A US Food and Drug Administration (FDA) advisory panel has rejected Pfizer’s bid to expand the use of its breast cancer drug, Talzenna (talazoparib). The panel voted against approving the medication for use in patients with a type of breast cancer known as hormone receptor-positive (HR-positive) metastatic breast cancer. The decision was based on concerns over the drug’s efficacy and safety in this patient population.

Talzenna is currently approved for use in patients with germline BRCA1/2-mutated, HER2-negative locally advanced or metastatic breast cancer. Pfizer had sought to expand the drug’s label to include HR-positive metastatic breast cancer, but the FDA panel was not convinced by the available data.

The panel’s decision was influenced by the results of the EMBRACA trial, which showed that Talzenna improved progression-free survival (PFS) compared to chemotherapy in patients with HR-positive metastatic breast cancer. However, the panel noted that the overall survival (OS) benefit was not significant, and that the drug’s safety profile was a concern.

Meanwhile, the use of artificial intelligence (AI) is being explored to enhance diversity in clinical trials. The lack of diversity in clinical trials is a significant issue, as it can limit the generalizability of trial results to diverse patient populations. AI can help identify potential trial participants from underrepresented groups and improve trial design to better reflect real-world patient populations.

The use of AI in clinical trials can also help to identify biases in trial data and improve the accuracy of trial results. Additionally, AI can facilitate the analysis of large datasets, including electronic health records (EHRs) and genomic data, to better understand disease mechanisms and identify potential therapeutic targets.

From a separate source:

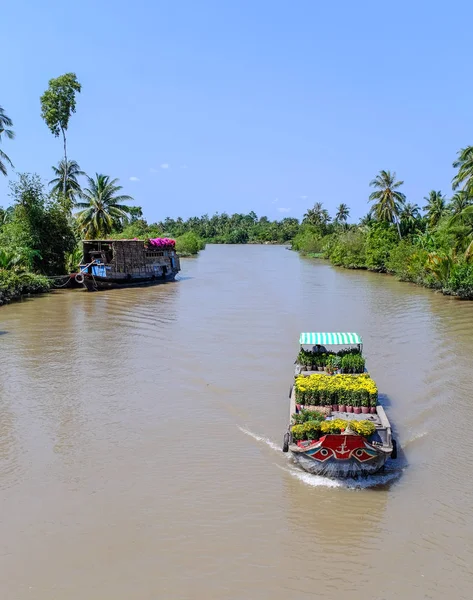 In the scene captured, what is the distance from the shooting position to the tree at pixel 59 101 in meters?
46.3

The rejection of Pfizer’s bid to expand Talzenna’s use highlights the challenges faced by pharmaceutical companies in developing effective treatments for diverse patient populations. The use of AI in clinical trials has the potential to improve the diversity and representativeness of trial participants, which could ultimately lead to more effective treatments for a wider range of patients. As the FDA and pharmaceutical companies continue to explore the use of AI in clinical trials, it is likely that we will see more diverse and representative trial populations, leading to better outcomes for patients with cancer and other diseases.

In conclusion, the FDA panel’s decision to reject Pfizer’s bid to expand Talzenna’s use serves as a reminder of the importance of diversity in clinical trials and the need for more effective treatments for diverse patient populations. The use of AI in clinical trials has the potential to address these challenges and improve patient outcomes.